*TASK TO COMPLETE*
Write out the line with "Maitria Hotel Sukhumvit" and every later line through the end of the data below, exactly as given, with no pictures in the copy.

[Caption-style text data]
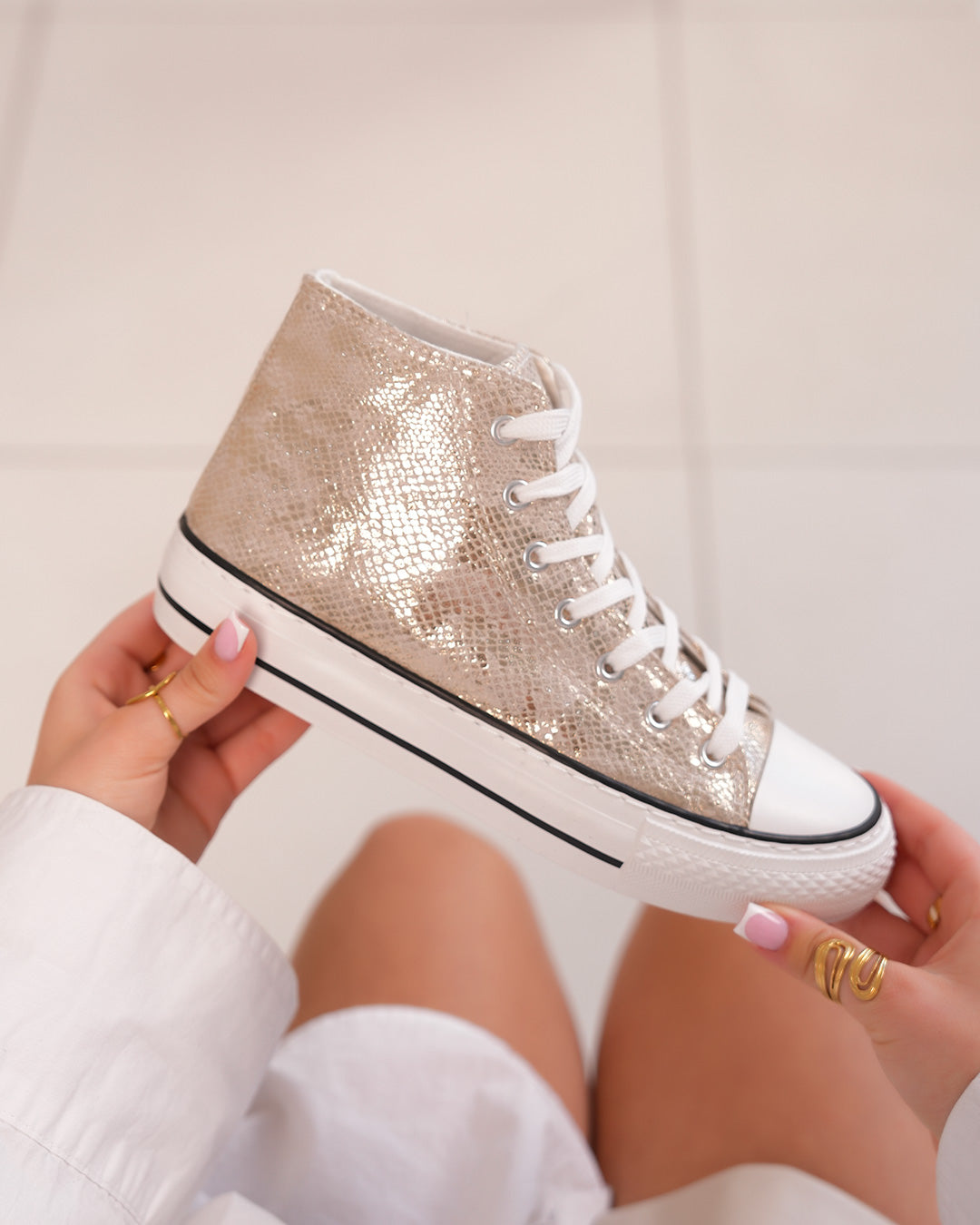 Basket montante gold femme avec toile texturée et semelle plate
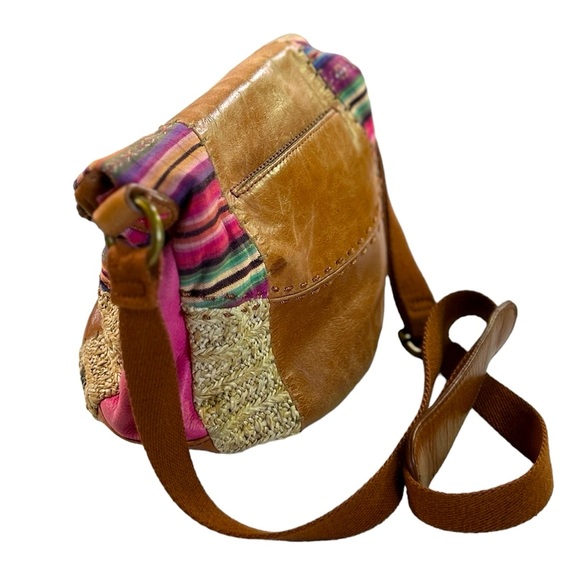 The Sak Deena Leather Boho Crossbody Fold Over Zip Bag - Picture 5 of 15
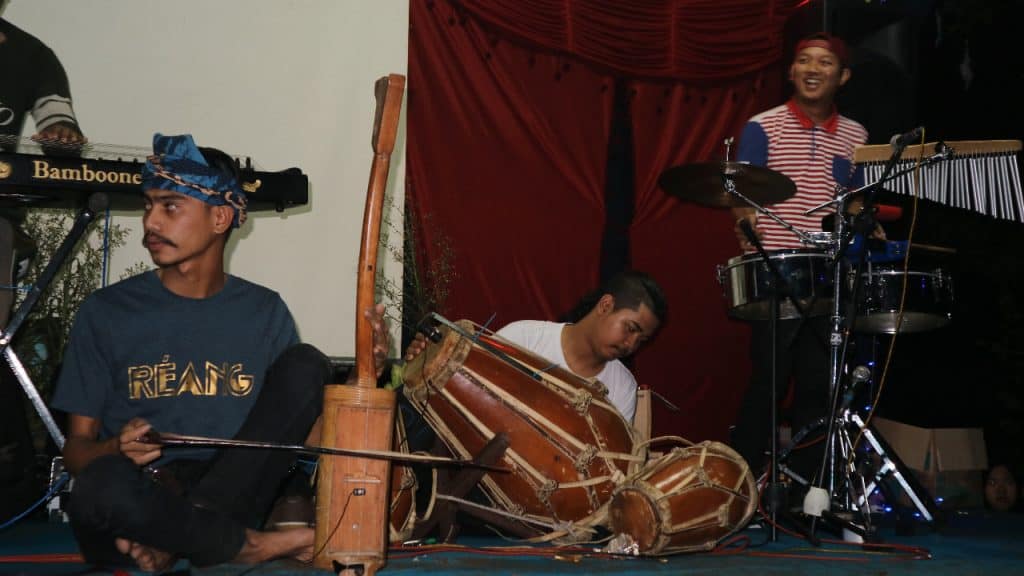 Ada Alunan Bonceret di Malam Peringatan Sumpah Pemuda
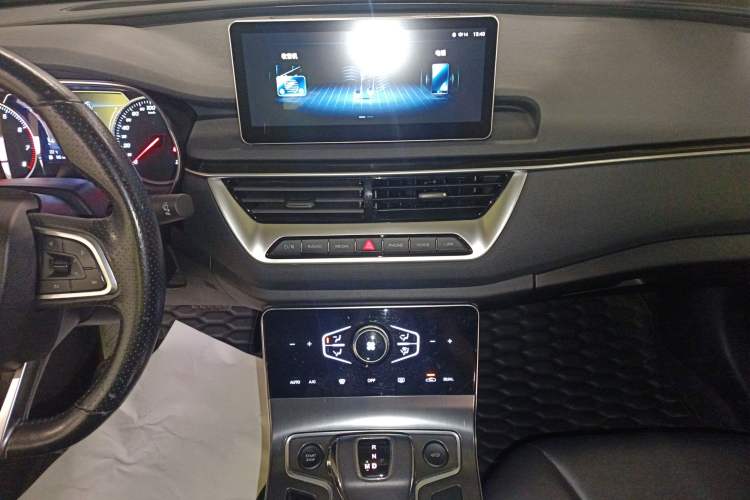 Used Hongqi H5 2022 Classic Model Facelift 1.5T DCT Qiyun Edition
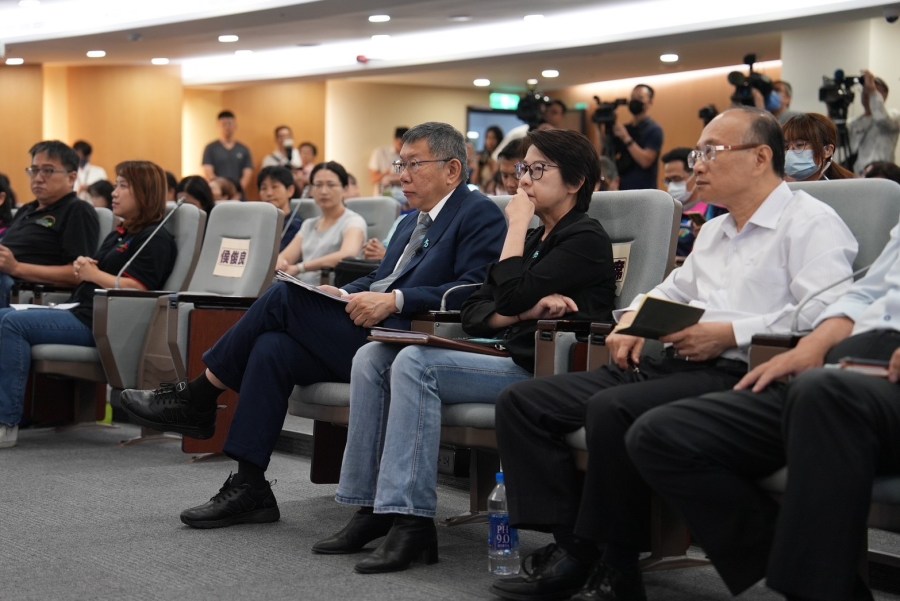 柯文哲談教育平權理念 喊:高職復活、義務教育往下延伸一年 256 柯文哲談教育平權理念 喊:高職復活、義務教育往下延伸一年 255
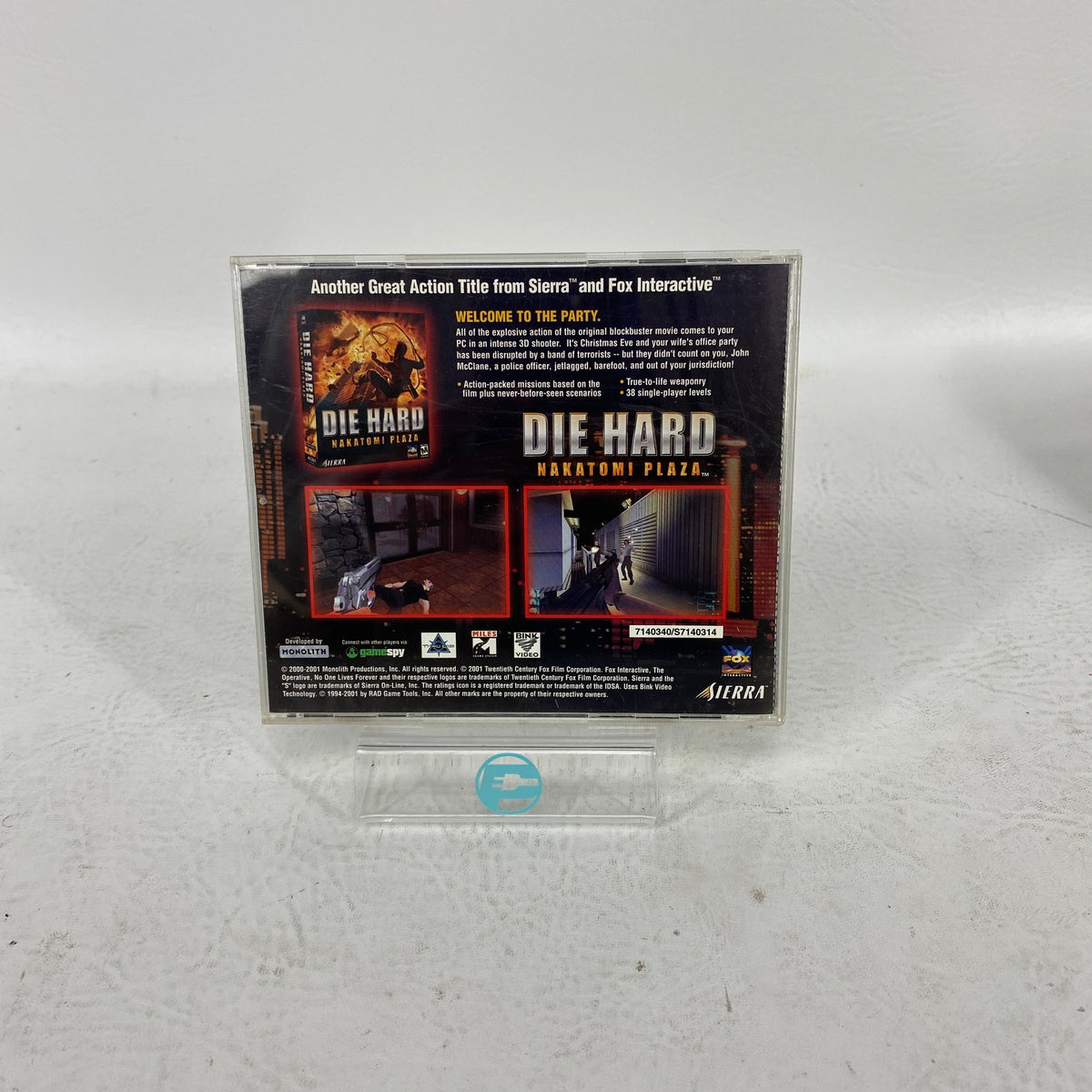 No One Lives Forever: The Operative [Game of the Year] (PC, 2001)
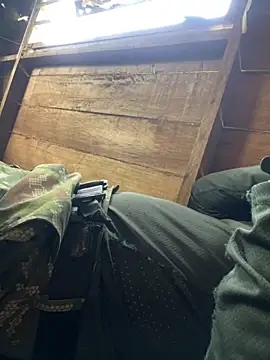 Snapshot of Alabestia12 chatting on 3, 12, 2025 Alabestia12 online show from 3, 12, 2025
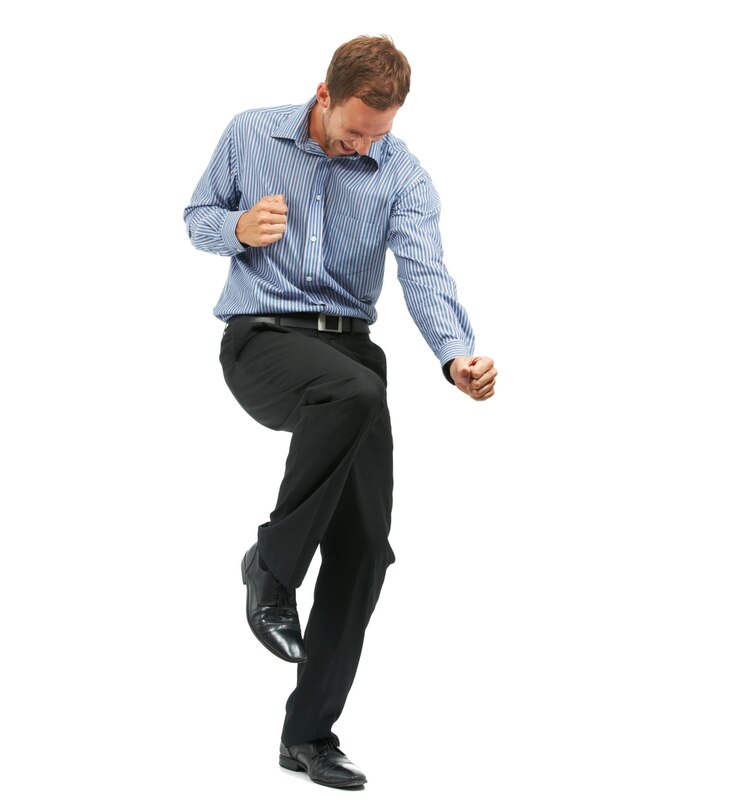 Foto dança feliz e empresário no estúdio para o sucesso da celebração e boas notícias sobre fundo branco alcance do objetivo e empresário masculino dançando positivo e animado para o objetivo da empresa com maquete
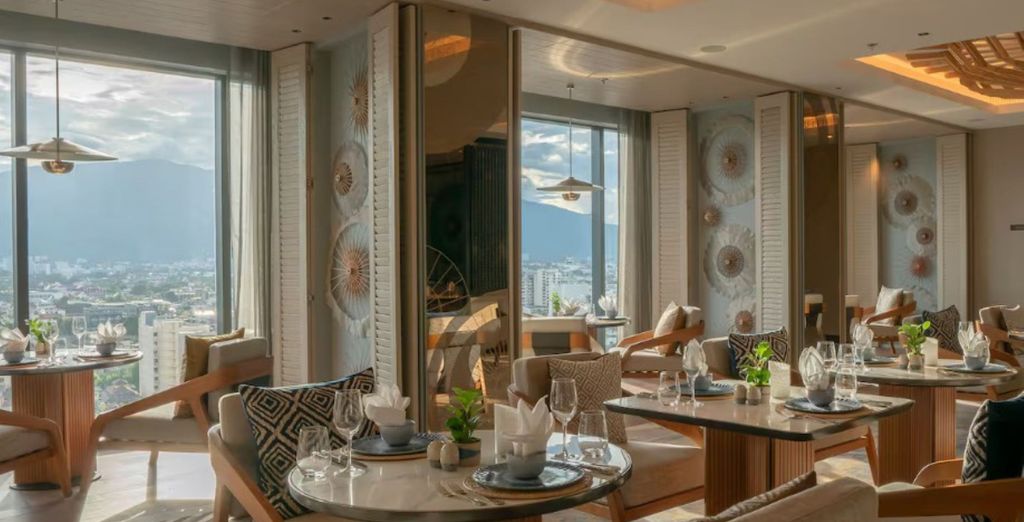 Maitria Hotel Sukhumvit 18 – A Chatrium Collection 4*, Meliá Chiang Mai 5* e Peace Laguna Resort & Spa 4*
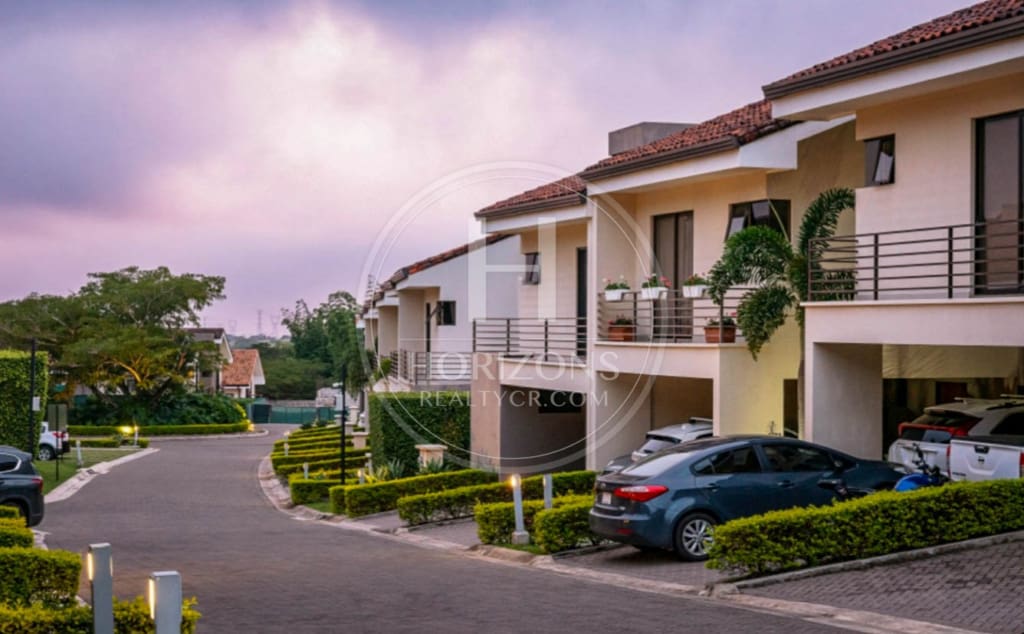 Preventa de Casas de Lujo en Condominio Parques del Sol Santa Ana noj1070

*SOLUTION TO THIS PROBLEM*
 Maitria Hotel Sukhumvit 18 – A Chatrium Collection 4*, Meliá Chiang Mai 5* e Peace Laguna Resort & Spa 4*
 Preventa de Casas de Lujo en Condominio Parques del Sol Santa Ana noj1070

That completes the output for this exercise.